That’s why leadership emotional intelligence is not optional. It’s a responsibility.
The research is compelling: A leader’s emotional presence can have more impact on a person’s mental health and well-being than even their doctor or spouse. Let that sink in. Your state of mind—your ability to regulate emotion, respond intentionally, and stay grounded—has real-world consequences for the people you lead.
When leaders are reactive or unpredictable, it activates the brain’s threat response in others. Cortisol rises. Creativity drops. Collaboration shuts down. But when leaders remain calm and emotionally attuned, even in moments of pressure, it creates safety. Teams stay engaged, focused, and resilient.

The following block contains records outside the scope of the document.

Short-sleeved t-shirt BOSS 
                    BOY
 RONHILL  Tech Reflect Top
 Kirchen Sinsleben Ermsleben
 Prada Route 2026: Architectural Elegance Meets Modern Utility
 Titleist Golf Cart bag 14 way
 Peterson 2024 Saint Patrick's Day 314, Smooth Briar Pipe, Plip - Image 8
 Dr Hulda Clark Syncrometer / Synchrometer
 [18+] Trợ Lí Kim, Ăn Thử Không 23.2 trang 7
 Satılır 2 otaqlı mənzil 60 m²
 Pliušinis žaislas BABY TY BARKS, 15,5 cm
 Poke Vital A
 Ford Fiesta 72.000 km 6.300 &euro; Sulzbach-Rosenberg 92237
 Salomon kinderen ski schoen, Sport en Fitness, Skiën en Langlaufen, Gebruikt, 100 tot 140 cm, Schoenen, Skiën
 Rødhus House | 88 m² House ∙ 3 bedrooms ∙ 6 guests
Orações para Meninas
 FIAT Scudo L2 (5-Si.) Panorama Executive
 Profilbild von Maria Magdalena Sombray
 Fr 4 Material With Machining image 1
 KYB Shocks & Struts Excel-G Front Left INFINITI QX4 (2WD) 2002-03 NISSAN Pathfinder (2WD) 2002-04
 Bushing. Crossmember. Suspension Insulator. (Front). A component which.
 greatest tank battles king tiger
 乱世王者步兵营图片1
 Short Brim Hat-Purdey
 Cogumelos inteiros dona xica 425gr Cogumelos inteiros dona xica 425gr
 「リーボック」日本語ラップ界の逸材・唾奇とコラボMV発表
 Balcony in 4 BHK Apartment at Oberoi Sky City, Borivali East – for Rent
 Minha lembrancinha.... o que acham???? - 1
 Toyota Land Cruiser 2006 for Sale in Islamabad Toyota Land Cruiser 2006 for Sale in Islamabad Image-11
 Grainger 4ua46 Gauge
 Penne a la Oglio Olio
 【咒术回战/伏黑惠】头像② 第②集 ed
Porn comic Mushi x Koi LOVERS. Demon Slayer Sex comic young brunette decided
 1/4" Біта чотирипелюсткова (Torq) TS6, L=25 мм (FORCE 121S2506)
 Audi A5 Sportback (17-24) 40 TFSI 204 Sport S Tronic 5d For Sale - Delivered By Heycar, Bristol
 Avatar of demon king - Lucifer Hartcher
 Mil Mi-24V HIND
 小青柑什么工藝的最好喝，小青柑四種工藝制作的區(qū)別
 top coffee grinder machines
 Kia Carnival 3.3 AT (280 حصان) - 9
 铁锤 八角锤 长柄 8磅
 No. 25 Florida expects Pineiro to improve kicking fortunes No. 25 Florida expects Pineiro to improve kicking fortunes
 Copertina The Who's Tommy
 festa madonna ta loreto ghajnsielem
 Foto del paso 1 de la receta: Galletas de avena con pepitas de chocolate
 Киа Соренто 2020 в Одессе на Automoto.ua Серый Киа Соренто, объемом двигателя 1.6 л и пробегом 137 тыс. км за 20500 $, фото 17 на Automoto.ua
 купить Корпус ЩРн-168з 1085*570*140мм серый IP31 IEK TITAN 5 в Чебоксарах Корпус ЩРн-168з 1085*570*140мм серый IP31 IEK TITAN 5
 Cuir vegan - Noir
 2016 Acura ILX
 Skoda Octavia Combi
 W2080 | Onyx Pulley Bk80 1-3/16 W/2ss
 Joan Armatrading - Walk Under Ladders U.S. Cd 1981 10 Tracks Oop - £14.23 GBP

This is where emotional intelligence comes in. It starts with self-awareness, the ability to recognize your emotional patterns and internal triggers. Maybe it’s defensiveness when you’re challenged. Irritation when plans change. Anxiety when things feel uncertain. Whatever activates you, the most powerful shift is realizing that how you respond is always your choice.
Neurologist and Holocaust survivor Viktor Frankl captured it best when he said,
“Between stimulus and response, there is a space. In that space is our power to choose our response. In our response lies our growth and our freedom.”
That space, that pause, is where leadership lives. Great leaders stretch that space. They practice the pause. They get curious instead of reactive. They respond instead of blaming. They model self-regulation, and in doing so, give others permission to do the same.
Let’s be clear. This isn’t about being emotionless. It’s about being emotionally responsible. It’s about knowing that your frustration, fear, or energy doesn’t stop with you. It spreads. And as a leader, your emotional climate becomes the team’s emotional weather.
So ask yourself:
- What emotions do I bring into the room?
- What tends to trigger me?
- What do I want others to catch from me?
Leadership isn’t defined by what happens to you. It’s defined by how you respond.